**EXERCISE OBJECTIVE:**
Output all of the lines below exactly, and leave out each image.

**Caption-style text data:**
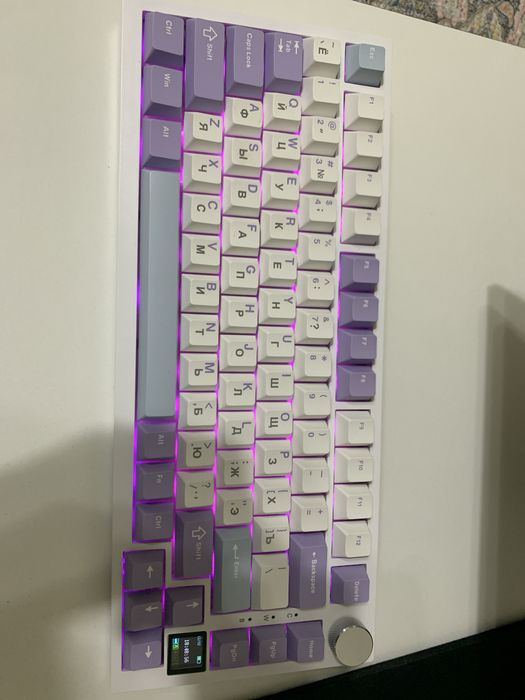 Продам механическую клавиатуру Ajazz ak820 pro!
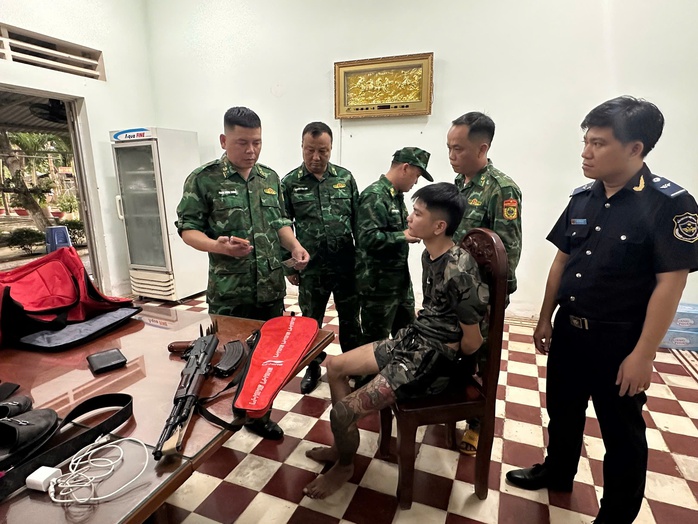 Bắt giữ đối tượng mang súng AK tại cửa khẩu Tây Ninh trong chiến dịch an ninh - Ảnh 1. Bắt giữ đối tượng mang súng AK tại cửa khẩu Tây Ninh trong chiến dịch an ninh - Ảnh 1.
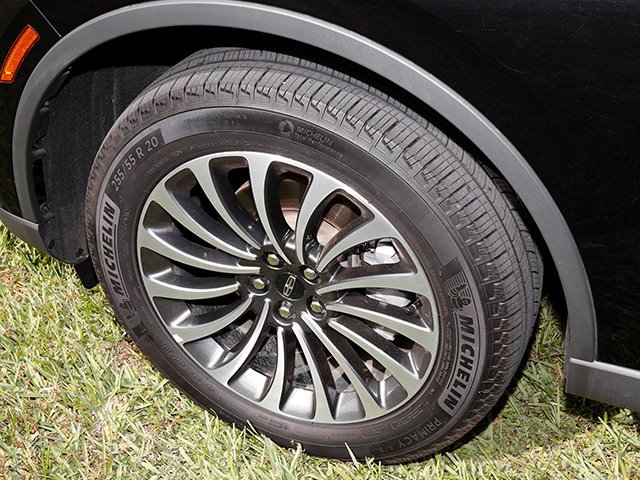 Used 2024 Lincoln Aviator Reserve AWD/4WD image 25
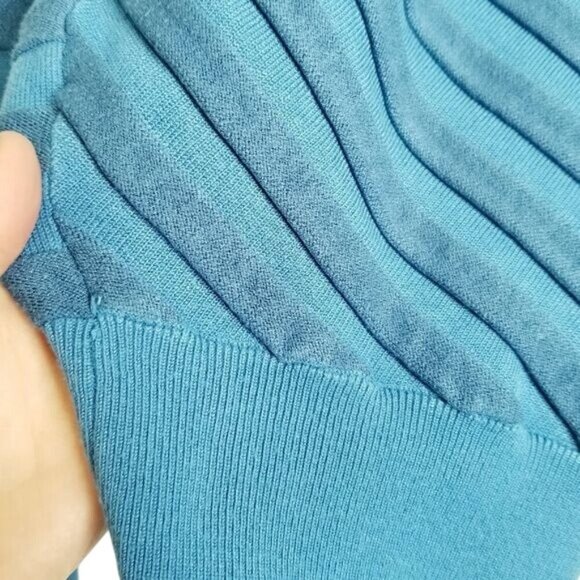 Lane‎ Bryant Womens Blue Striped V-Neck Sweater Size 14/16 Rayon & Nylon Blend - Picture 9 of 9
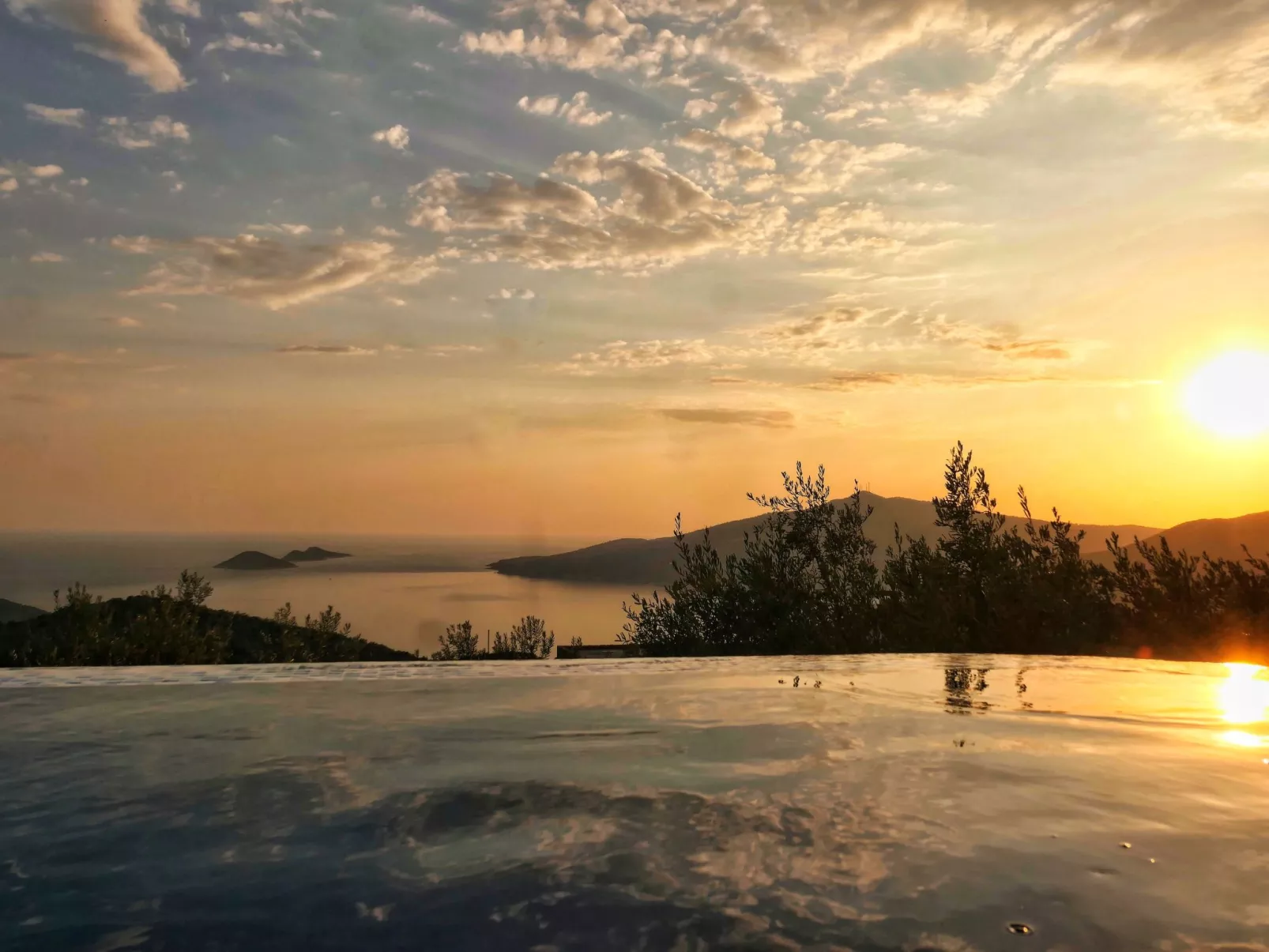 Rustikales Natursteinhaus an der Bucht von Kalkan-Image-tags.info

**SOLUTION:**
 Продам механическую клавиатуру Ajazz ak820 pro!
 Bắt giữ đối tượng mang súng AK tại cửa khẩu Tây Ninh trong chiến dịch an ninh - Ảnh 1. Bắt giữ đối tượng mang súng AK tại cửa khẩu Tây Ninh trong chiến dịch an ninh - Ảnh 1.
 Used 2024 Lincoln Aviator Reserve AWD/4WD image 25
 Lane‎ Bryant Womens Blue Striped V-Neck Sweater Size 14/16 Rayon & Nylon Blend - Picture 9 of 9
 Rustikales Natursteinhaus an der Bucht von Kalkan-Image-tags.info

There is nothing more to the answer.